The young officer halted for a moment, looked round, and then rode on till he reached the summit of the hill, whence a great light, clearly proceeding from a beacon, was discovered to the north-east.

"That must be near Postling," he said. "We have no party there. It must be some signal of their own." And as he rode on, he thought, "It is not impossible that poor Mowle's rashness may have put these men on their guard, and thus thwarted the whole scheme. That is clearly some warning to their boats."

But ere a quarter of an hour more had passed, he saw the probability of still more disastrous effects, resulting from the lighting of the beacon on Tolsford Hill; for another flame shot up, casting a red glare through the haze from the side of Burmarsh, and then another and another, till the dim air seemed all tinged with flame.

"An unlucky error," he said to himself. "Serjeant Jackson should have known that we have no party in that quarter; and the beacons were only to be lighted, from the first towards Hythe. It is very strange how the clearest orders are sometimes misunderstood."
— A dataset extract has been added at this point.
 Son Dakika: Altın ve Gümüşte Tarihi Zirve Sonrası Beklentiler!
He rode on, however, at a quick pace, till he reached Aldington Knowle, and had found the highest ground in the neighbourhood, whence, after pausing for a minute or two to examine the country, as marked out by the various fires, he dispatched three of the dragoons in different directions, with orders to the parties in the villages round to disregard the lights they saw, and not to act upon the orders previously given, till they received intimation that the smugglers were on the march.
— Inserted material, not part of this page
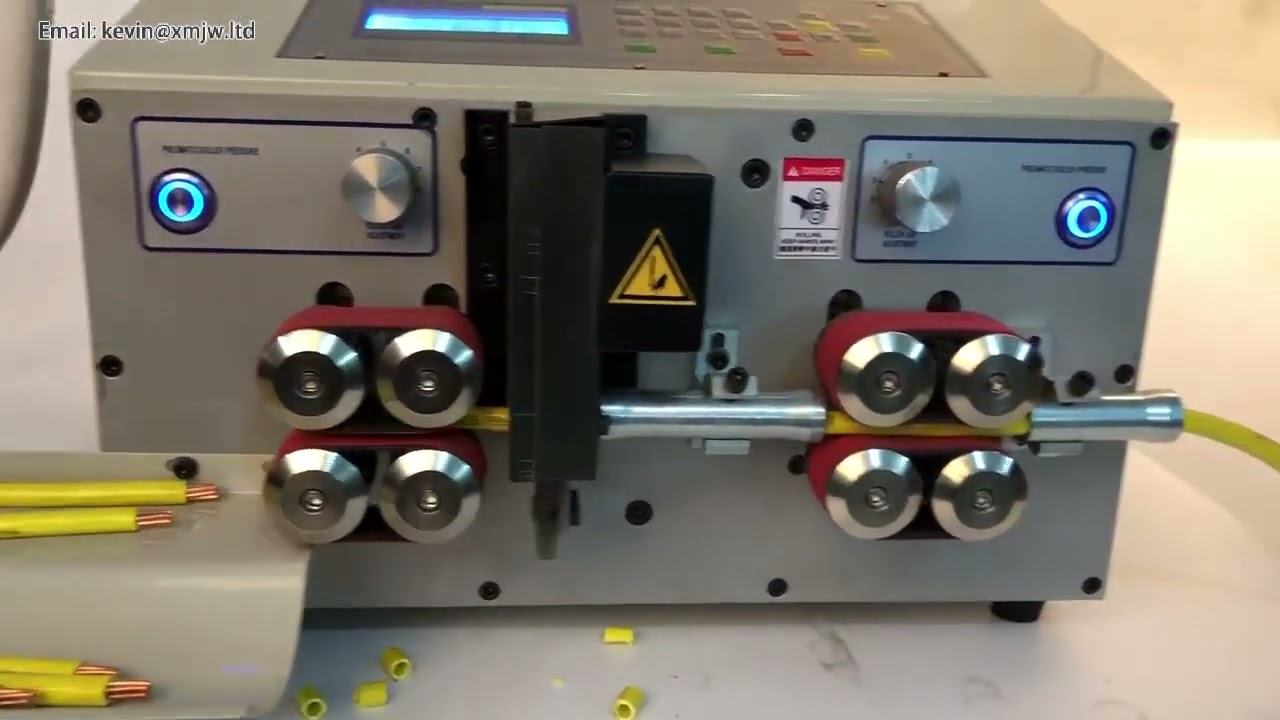 SWT508MAX2 全自動電腦剝線機｜1-70mm²電纜｜1000W強力8輪驅動｜精準裁切剝皮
It was now about midnight, and during nearly two hours the young officer remained stationed upon the hill without any one approaching, or any sound breaking the stillness of the night but the stamping of the horses of his little force and the occasional clang of the soldiers' arms. At the end of that period, the tramp of horse coming along the road at a quick pace from the side of Hythe, was heard by the party on the more elevated ground at a little distance from the highway. There was a tightening of the bridle and a movement of the heel amongst the men, to bring their chargers into more regular line; but not a word was said, and the colonel remained in front, with his arms crossed upon his chest and his rein thrown down, while what appeared from the sound to be a considerable body of cavalry, passed before him. He could not see them, it is true, from the darkness of the night; but his ear recognised in a moment the jingling of the dragoons' arms, and he concluded rightly, that the party consisted of the company which he had ordered from Folkestone down to Bilsington. As soon as they had gone on, he detached a man to the next cross road on the same side, with orders, if he perceived any body of men coming across from the side of the Marsh, to ride forward at once to the officer in command at Bilsington, and direct him to move to the north, keeping the Priory wood on the right, till he reached the cross-roads at the corner, and wait there for further orders. The beacons had by this time burnt out; and all remained dark and still for about half an hour more, when the quick galloping of a horse was heard coming from the side of the Marsh. A pause took place as soon as the animal reached the high road, as if the rider had halted to look for some one he had expected; and--dashing down instantly through the gate of the field, which had been opened by the dragoons to gain the highest point of ground--the young officer exclaimed, "Who goes there?"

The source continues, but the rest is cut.